TASK MATERIAL =
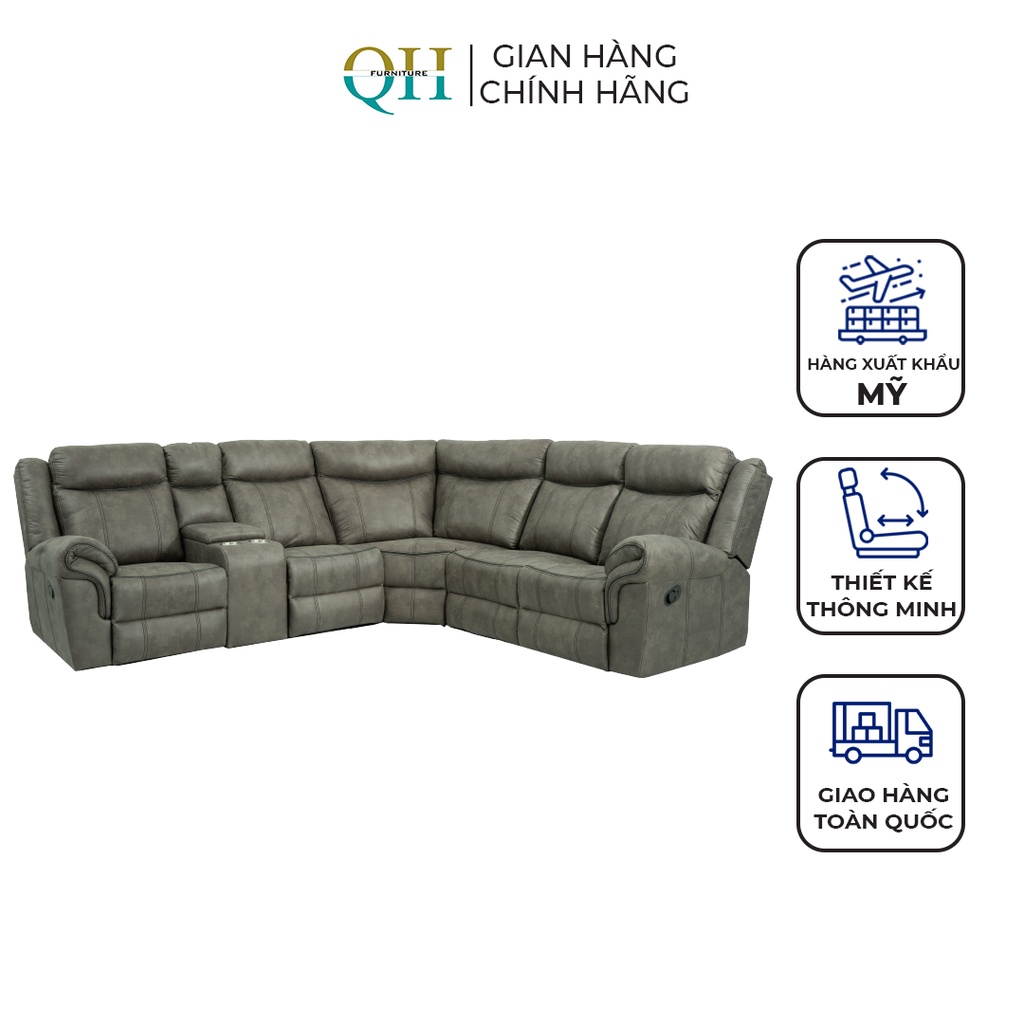 Bộ ghế góc QHSOFA bọc vải nilen cao cấp đa năng có ba ghế ngả bằng tay bàn tủ nhỏ
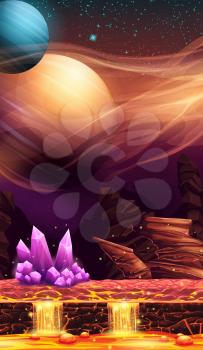 Illustration of fantastic landscape of red planet with purple crystals for game design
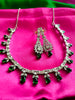 N02002_Classic silver polished choker style crafted design necklace set embellished with  green stones .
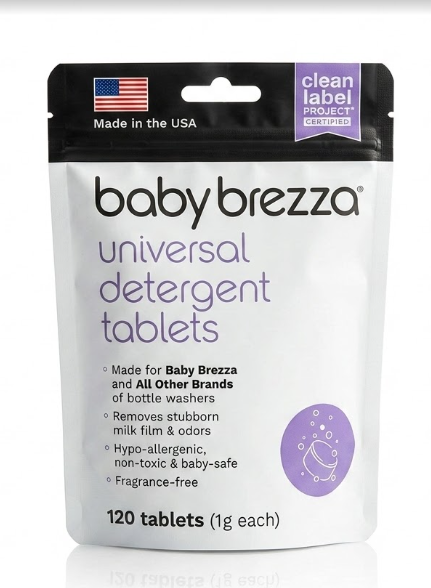Baby Brezza Universal Detergent Soap Tablets for Baby Brezza Bottle Washer Pro and All Brands of Bottle Washers, 120 Tablets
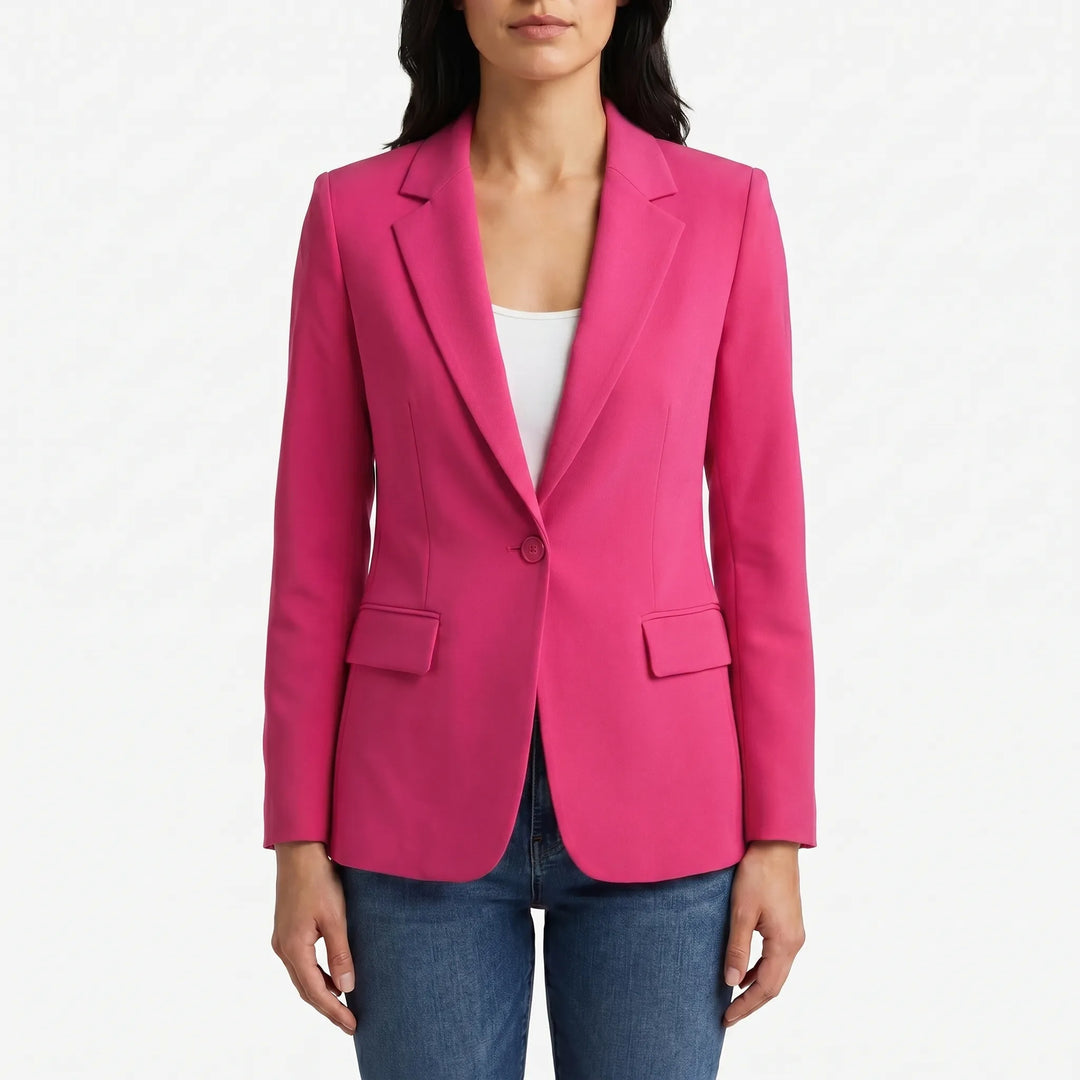 Women's Blazer Jacket Single Button Notch Lapel Fitted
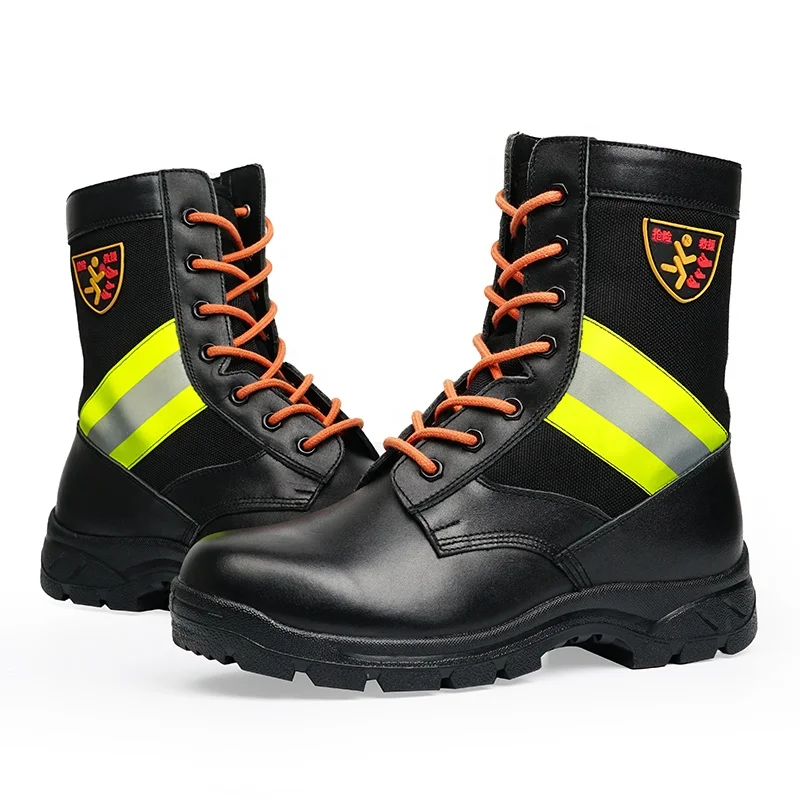 Factory OEM Leather Anti- puncture Waterproof Safety Shoes Fire Rescue Protective Boots Work Boots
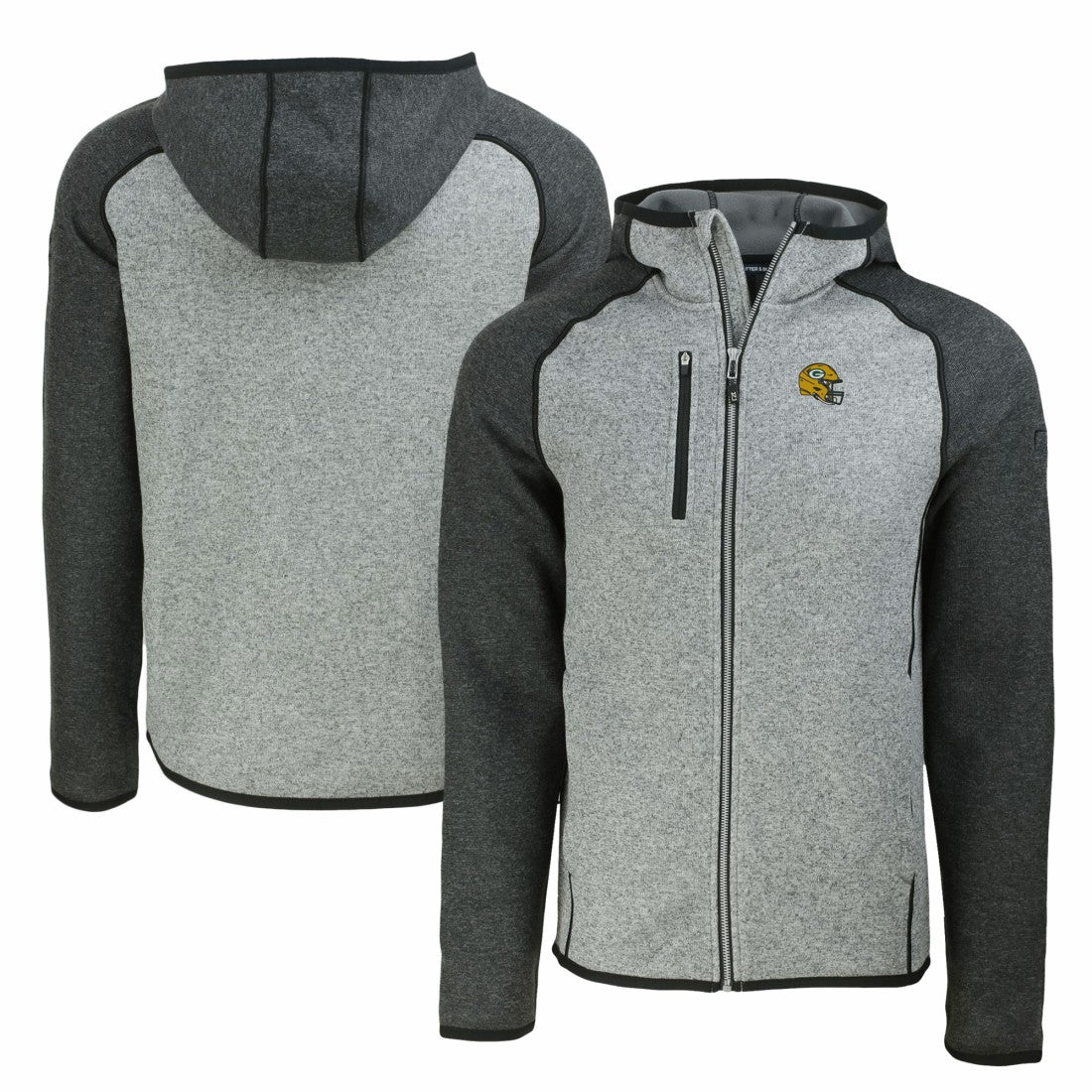 Green Bay Packers Cutter & Buck Helmet Mainsail Sweater-Knit Full-Zip Hoodie - Heather Gray/Heather Charcoal cheap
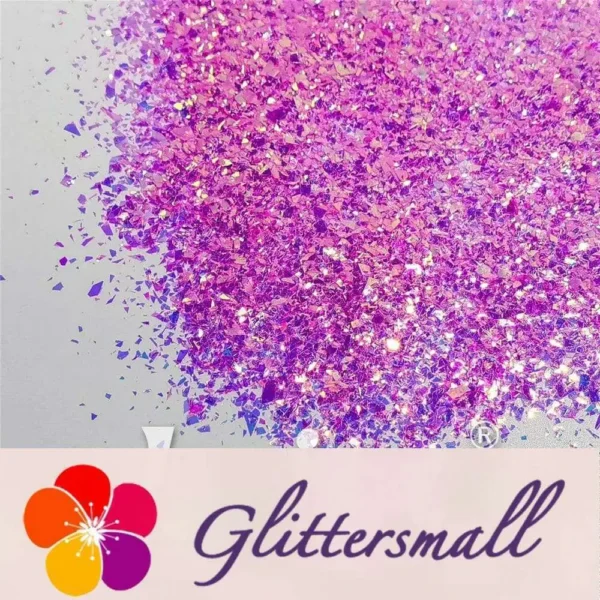IMG_20210821_110122.webp Fluorescent Rose Pink High Brightness Iridescent Cellophane Glitter Shards (Flakes) FC339A 4x4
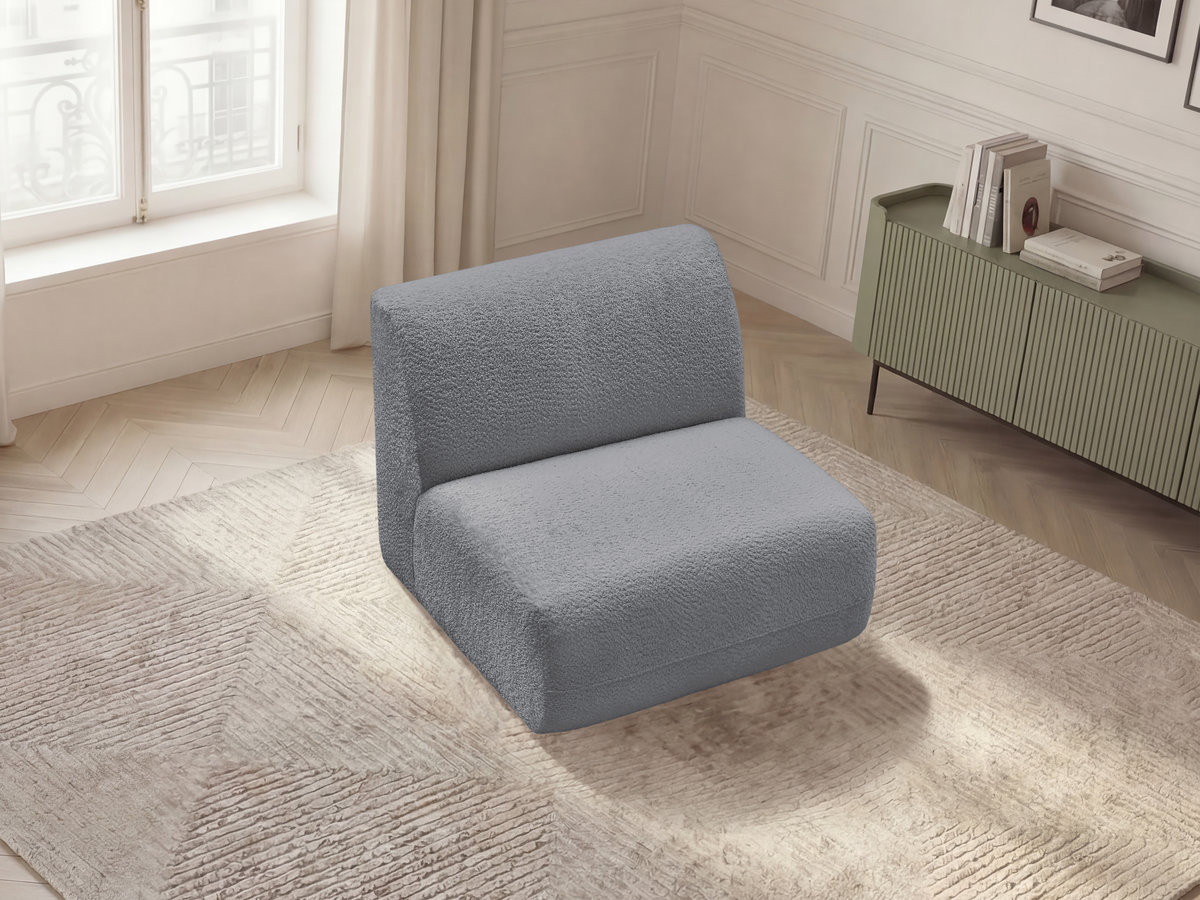 Chauffeuse 1 place sans accoudoir pour canapé modulable ANDA chenille gris — vue 5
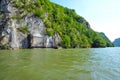 Roman memorial plaque Tabula Traiana, Danube river in Serbia Royalty Free Stock Photo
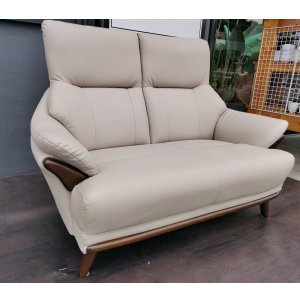 画像: 【愛知近郊・配送可】参考価格54,990円 2人掛けソファー ハイバック 合成皮革 ベージュ 幅約129cm×奥行：約85cm×高さ：約94cm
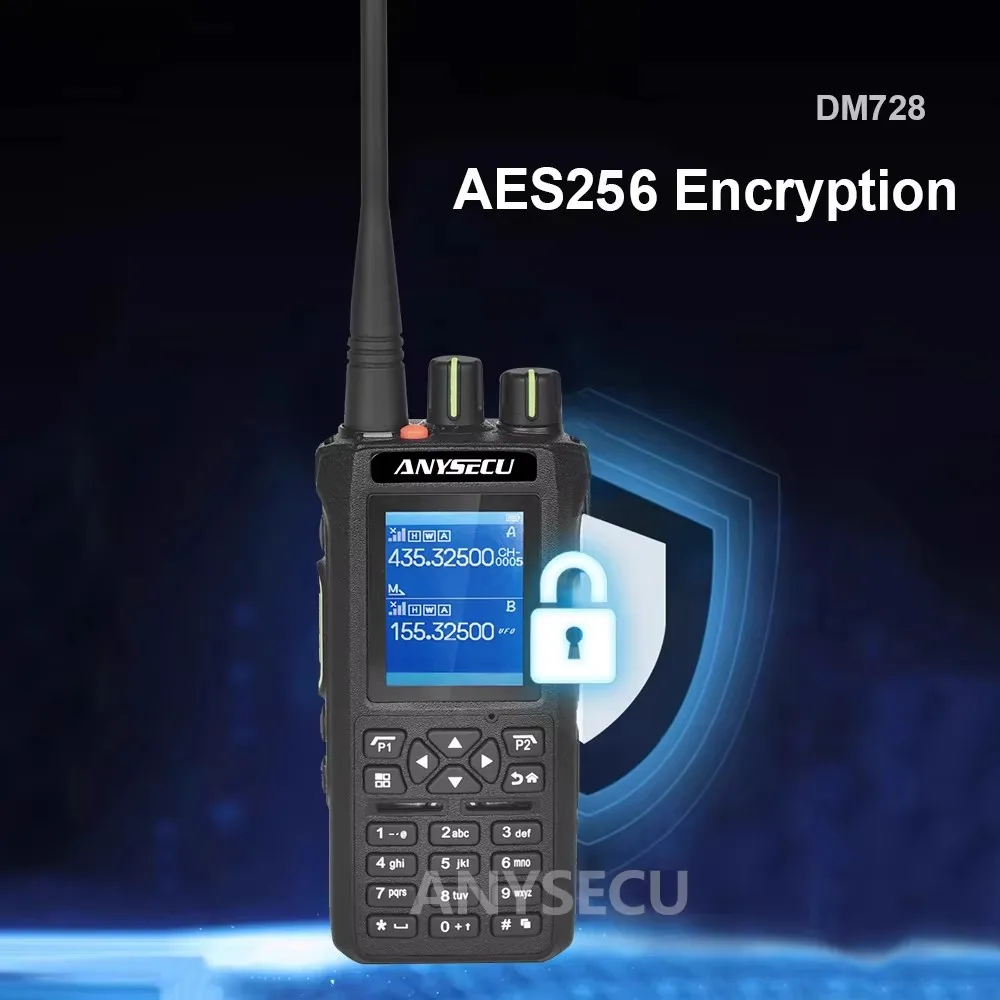 ANYSECU DM728 DMR Digital Radio With AES256 Encryption IP67 Waterproof Function VHF UHF 10W Walkie Talkie Long Range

EXERCISE BRIEF = Restate the data above word for word, so that the only difference is the missing pictures.

EXERCISE OUTPUT =
 Bộ ghế góc QHSOFA bọc vải nilen cao cấp đa năng có ba ghế ngả bằng tay bàn tủ nhỏ
 Illustration of fantastic landscape of red planet with purple crystals for game design
 N02002_Classic silver polished choker style crafted design necklace set embellished with  green stones .
Baby Brezza Universal Detergent Soap Tablets for Baby Brezza Bottle Washer Pro and All Brands of Bottle Washers, 120 Tablets
 Women's Blazer Jacket Single Button Notch Lapel Fitted
 Factory OEM Leather Anti- puncture Waterproof Safety Shoes Fire Rescue Protective Boots Work Boots
 Green Bay Packers Cutter & Buck Helmet Mainsail Sweater-Knit Full-Zip Hoodie - Heather Gray/Heather Charcoal cheap
IMG_20210821_110122.webp Fluorescent Rose Pink High Brightness Iridescent Cellophane Glitter Shards (Flakes) FC339A 4x4
 Chauffeuse 1 place sans accoudoir pour canapé modulable ANDA chenille gris — vue 5
 Roman memorial plaque Tabula Traiana, Danube river in Serbia Royalty Free Stock Photo
 画像: 【愛知近郊・配送可】参考価格54,990円 2人掛けソファー ハイバック 合成皮革 ベージュ 幅約129cm×奥行：約85cm×高さ：約94cm
 ANYSECU DM728 DMR Digital Radio With AES256 Encryption IP67 Waterproof Function VHF UHF 10W Walkie Talkie Long Range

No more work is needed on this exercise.